On "the JCP has never and will never be a vendor-neutral organization", I both agree and disagree. EE and ME specifications have no need to be controlled by Oracle. Other standards groups do not have such a single vendor dominance, and that neutrality is beneficial. Whereas, in the core, Oracle truly does put in all the funds and guides the platform. Having a single vendor control, with external input, is probably a better model. Just like Linux. Therefore, on "I believe that OpenJDK’s governance will, in the end, be no more vendor-neutral than the JCP’s", I agree.
I agree that the JCP has been effective. But I see no way to make it effective again without radical change. Right now, I'm far from alone in trusting a so-called proprietary API from Spring or Google than a JSR API.

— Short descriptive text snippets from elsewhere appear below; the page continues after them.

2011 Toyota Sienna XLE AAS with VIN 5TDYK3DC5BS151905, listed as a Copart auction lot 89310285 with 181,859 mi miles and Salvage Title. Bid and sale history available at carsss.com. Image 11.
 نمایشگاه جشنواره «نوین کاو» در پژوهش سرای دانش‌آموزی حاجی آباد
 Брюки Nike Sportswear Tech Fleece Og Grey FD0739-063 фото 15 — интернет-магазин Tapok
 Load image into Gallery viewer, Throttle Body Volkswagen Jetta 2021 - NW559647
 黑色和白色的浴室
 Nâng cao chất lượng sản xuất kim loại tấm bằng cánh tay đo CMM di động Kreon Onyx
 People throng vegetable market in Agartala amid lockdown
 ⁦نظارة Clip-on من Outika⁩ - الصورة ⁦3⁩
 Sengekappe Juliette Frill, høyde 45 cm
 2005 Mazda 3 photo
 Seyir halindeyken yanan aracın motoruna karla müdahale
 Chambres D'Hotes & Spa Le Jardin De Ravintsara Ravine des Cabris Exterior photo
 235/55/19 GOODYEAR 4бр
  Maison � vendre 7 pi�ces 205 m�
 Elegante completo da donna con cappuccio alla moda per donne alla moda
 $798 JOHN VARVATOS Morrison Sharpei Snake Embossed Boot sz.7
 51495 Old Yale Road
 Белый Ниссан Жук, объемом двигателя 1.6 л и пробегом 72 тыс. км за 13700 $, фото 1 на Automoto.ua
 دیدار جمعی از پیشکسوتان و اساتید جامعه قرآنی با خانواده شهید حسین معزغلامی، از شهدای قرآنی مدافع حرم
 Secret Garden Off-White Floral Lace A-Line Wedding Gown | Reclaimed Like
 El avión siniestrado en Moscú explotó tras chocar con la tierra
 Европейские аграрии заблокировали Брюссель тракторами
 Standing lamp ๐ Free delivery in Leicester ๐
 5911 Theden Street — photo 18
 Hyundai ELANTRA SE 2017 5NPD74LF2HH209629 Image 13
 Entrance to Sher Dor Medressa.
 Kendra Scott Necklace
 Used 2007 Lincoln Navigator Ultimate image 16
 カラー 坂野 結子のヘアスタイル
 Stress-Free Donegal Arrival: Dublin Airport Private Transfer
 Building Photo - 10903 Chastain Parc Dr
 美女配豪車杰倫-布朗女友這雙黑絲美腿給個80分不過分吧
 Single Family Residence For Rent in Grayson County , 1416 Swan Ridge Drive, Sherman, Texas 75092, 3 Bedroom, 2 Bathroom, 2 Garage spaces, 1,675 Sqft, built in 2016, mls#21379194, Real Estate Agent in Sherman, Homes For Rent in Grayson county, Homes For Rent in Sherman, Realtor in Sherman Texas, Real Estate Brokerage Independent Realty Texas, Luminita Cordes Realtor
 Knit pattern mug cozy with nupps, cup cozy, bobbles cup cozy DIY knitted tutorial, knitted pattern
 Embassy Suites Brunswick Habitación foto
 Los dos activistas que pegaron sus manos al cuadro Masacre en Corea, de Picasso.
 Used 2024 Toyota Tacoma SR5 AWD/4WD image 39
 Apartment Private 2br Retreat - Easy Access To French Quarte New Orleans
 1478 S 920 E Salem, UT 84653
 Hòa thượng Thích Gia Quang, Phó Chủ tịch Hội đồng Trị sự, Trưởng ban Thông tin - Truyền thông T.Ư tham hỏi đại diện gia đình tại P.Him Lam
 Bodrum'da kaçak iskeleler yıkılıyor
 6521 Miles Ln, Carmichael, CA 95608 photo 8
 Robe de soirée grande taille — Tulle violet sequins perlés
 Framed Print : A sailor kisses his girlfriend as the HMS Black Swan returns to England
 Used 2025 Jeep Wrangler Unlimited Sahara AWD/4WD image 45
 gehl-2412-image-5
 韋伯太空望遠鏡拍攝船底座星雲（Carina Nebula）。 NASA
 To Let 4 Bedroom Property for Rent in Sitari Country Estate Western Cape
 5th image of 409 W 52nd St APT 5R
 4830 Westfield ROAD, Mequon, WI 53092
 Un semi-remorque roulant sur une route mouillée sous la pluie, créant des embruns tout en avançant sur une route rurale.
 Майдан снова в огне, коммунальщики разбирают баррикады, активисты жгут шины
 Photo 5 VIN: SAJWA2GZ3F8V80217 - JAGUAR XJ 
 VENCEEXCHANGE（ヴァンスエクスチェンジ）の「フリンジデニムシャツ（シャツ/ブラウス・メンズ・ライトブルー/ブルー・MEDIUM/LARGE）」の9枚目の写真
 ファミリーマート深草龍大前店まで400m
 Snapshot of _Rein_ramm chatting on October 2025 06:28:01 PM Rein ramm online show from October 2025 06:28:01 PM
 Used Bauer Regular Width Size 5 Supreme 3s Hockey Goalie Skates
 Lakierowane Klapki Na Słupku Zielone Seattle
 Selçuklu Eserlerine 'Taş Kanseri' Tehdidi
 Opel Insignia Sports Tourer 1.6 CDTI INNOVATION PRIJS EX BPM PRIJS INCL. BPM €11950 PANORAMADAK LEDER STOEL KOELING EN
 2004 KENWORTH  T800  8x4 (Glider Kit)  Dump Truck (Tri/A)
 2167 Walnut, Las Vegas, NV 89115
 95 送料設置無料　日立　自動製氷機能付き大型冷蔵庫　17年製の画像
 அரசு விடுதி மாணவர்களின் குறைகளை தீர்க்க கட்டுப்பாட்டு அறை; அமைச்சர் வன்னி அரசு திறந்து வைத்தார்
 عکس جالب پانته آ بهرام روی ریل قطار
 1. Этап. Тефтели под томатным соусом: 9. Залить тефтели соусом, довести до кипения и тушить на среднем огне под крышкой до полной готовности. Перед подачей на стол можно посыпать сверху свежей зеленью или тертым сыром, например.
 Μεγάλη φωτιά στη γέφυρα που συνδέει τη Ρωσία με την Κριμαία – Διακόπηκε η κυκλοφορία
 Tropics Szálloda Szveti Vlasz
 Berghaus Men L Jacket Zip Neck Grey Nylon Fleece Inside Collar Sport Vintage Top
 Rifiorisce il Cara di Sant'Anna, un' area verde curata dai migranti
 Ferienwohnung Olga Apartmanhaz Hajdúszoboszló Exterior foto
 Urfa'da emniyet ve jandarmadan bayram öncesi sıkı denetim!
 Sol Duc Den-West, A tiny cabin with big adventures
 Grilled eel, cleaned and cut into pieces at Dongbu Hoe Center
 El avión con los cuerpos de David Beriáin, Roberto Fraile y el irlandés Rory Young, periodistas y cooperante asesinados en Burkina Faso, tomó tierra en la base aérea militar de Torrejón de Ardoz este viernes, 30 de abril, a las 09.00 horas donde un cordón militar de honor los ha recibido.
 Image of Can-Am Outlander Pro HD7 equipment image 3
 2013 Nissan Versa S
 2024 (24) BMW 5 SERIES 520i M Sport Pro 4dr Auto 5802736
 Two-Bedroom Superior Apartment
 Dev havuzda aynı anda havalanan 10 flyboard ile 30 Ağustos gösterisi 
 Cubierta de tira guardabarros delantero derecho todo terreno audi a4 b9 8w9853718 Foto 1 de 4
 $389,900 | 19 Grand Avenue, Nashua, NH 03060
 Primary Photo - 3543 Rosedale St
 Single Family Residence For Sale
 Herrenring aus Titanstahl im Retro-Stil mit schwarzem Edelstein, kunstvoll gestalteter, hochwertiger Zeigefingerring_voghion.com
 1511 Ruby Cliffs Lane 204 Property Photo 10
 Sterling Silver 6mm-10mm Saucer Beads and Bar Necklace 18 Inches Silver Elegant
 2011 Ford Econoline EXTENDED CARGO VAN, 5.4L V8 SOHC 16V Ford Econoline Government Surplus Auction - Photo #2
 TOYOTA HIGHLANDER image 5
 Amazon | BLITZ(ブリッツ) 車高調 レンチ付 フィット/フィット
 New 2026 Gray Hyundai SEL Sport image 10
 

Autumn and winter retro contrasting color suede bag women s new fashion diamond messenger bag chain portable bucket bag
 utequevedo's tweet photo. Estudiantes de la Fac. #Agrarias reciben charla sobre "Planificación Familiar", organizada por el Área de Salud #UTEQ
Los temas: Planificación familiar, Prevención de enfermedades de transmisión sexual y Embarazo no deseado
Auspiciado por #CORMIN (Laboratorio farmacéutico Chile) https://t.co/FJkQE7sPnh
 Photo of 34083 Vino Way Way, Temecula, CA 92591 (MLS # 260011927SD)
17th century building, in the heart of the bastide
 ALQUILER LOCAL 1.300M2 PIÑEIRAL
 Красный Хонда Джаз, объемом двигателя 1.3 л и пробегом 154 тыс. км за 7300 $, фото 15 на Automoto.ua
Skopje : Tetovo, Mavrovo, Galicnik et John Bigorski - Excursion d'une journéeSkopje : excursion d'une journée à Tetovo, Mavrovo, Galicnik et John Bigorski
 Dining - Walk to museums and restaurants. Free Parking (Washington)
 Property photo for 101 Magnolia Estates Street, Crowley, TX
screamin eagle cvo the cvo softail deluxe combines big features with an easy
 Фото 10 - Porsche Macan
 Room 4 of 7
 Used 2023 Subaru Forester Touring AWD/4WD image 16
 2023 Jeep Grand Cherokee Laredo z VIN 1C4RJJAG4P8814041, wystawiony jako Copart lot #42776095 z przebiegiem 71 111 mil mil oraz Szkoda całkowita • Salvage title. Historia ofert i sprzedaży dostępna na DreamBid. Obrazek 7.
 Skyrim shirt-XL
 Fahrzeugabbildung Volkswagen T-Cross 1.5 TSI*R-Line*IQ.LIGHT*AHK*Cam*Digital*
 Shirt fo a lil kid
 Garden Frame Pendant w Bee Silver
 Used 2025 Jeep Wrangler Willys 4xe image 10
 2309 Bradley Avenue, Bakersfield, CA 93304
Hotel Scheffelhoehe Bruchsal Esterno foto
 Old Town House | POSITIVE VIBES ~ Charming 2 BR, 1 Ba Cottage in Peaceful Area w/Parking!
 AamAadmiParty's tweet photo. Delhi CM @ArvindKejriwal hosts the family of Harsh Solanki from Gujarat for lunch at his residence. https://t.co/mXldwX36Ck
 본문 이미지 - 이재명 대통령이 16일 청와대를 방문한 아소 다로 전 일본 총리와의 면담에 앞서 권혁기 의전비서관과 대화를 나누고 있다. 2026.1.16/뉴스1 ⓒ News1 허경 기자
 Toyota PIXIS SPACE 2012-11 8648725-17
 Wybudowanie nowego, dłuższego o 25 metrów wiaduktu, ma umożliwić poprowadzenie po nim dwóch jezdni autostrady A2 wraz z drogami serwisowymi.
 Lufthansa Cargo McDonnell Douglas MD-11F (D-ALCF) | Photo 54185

But the kicker is at the end. "In fact, I am optimistic that having both an open standards and an open source organization working in collaboration will help accelerate innovation in the Java platform."
How can it be an "open standard" if you can't implement it?
This is the key issue. Despite legal agreements and public promises, it is impossible to implement a supposedly open standard. Mike, how can you justify that?
I've only been able to come up with one solution - the #splitjcp compromise proposal. By clearly removing those parts that are blatently not open standards from the JCP, it enables everyone to move on and start afresh with those standards that are.
Sun, now Oracle have broken their word, their public promises and their signed legal agreements.
I remain stunned that anyone would want to do business with Oracle without some change in the rules.
After all, if your boss gave you their word to you to pay you salary $x, made a public pledge to the rest of their team that they had hired you, and signed a written contract with you stating the salary, wouldn't you feel extremely aggrieved if three years later you'd never been paid despite asking many times? And what if your boss then turned around and told you that you never will be paid? Would you ever trust a word your boss said ever again?
By the way, have you noticed that no-one is trying to claim that the legal agreements have not been broken?
Ultimately, the big companies and organisations are closing rank around Oracle. They've decided that it doesn't matter that the legal agreements they've signed aren't worth the paper they're written on or that Oracle can't be trusted. (Or perhaps they naively believe that Oracle only breaks legal agreements with Not-For-Profits.)
But, many of us in the wider community know that what has happened here stinks and have no reason whatsoever to trust a single word from Oracle.